Nintendo has been in the hot-seat ever since it revealed the Wii U at its Electronic Entertainment Expo (E3) press conference earlier this year.
The underwhelming response of the fans was taken a sign of inevitable doom for the new hardware, with many industry analysts writing off the console completely, arguing that it hardly has the juice to hold its own in front of Sony and Microsoft’s current as well as next-generation consoles.
Firebrand Games, however, is among the few developers who disagree with what the analysts have to say.
In a recent interview with guardian.co.uk, the studio’s creative director Peter Shea asserted that it is never wise to underestimate Nintendo, while adding that the upcoming console is bound to offer much more than what is being assumed.
The studio is already working with the Wii U technology as it is in the process of developing a multi-platform title.
Using his own experience with the technology as reference, Shea conceded that the technology used in Wii U is without any doubt interesting and unique in various ways. He explained that almost everyone is focusing solely on the graphical capabilities of the hardware, which is a wrong way to look at the console since power is not the only standard to judge a gaming console.

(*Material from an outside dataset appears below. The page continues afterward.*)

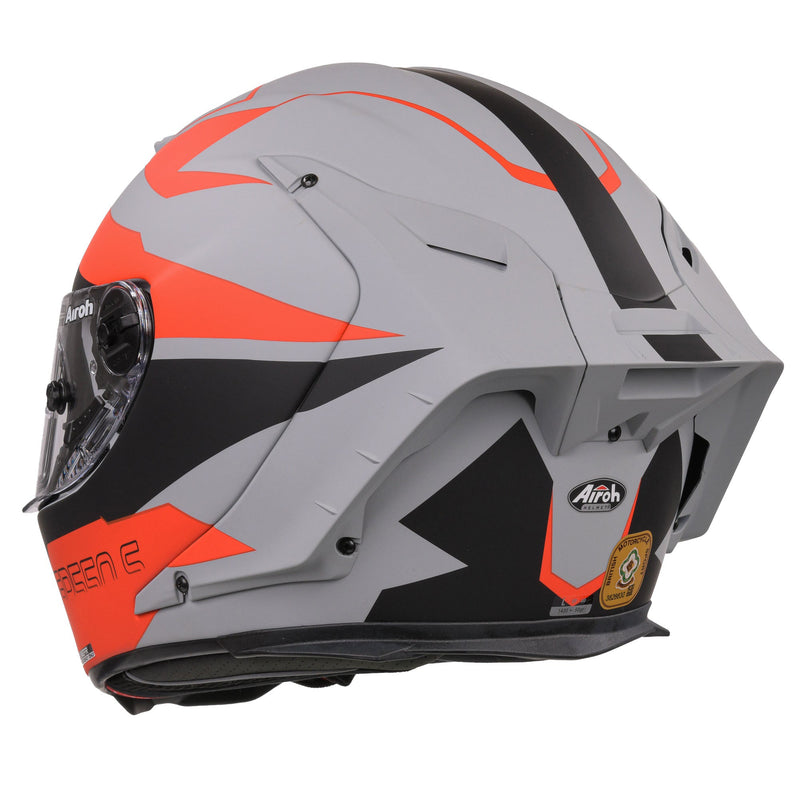 Airoh GP550S Full Face Helmet - Vektor Orange Matt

Shea stated that the high-definition (HD) game his team is currently working on has already been tested on Wii U and so far it has worked fine, thus eliminating the fears of many people who were under the impression that the system would not be capable of successfully supporting HD games.
He further went on to add that the other technology introduced by Nintendo, especially the tablet controller GamePad, is something that can easily pave way for some pretty interesting gameplay and experience, the two things that the company has relied on in the past for most of its success.
The creative director admitted that there is a possibility that the true potential of Wii U may not be realised during the first few years, but sooner or later, its true capabilities may be unleashed. This would, however, take time and the developers will need to have confidence in the technology that Nintendo has put on their table. Experimentation would be the key to unlocking the actual potential of Wii U.
“It definitely has a lot of scope for experimentation. The combination of a second viewport on handheld screen, very accurate gyroscopes and accelerometers, and front and back cameras seems to offer a lot of possibilities – and you’re seeing some of the more obvious ideas already in titles like ZombiU. The Controller itself is light, nice to hold and has a great display on it – it feels impressive and natural in the hand; once you hold it and play with it, it does make sense – perhaps not in the revolutionary way Wii Remote made sense, but it is intriguing nonetheless,” said Shea.
It would be interesting to see if developers ignore all the negative stuff that is being said about Wii U and decide to take a leap of faith. Nintendo has a history of surprising industry analysts and delivering a rich and entertaining gaming experience, something that allows it to do well in the market despite the odds being against it.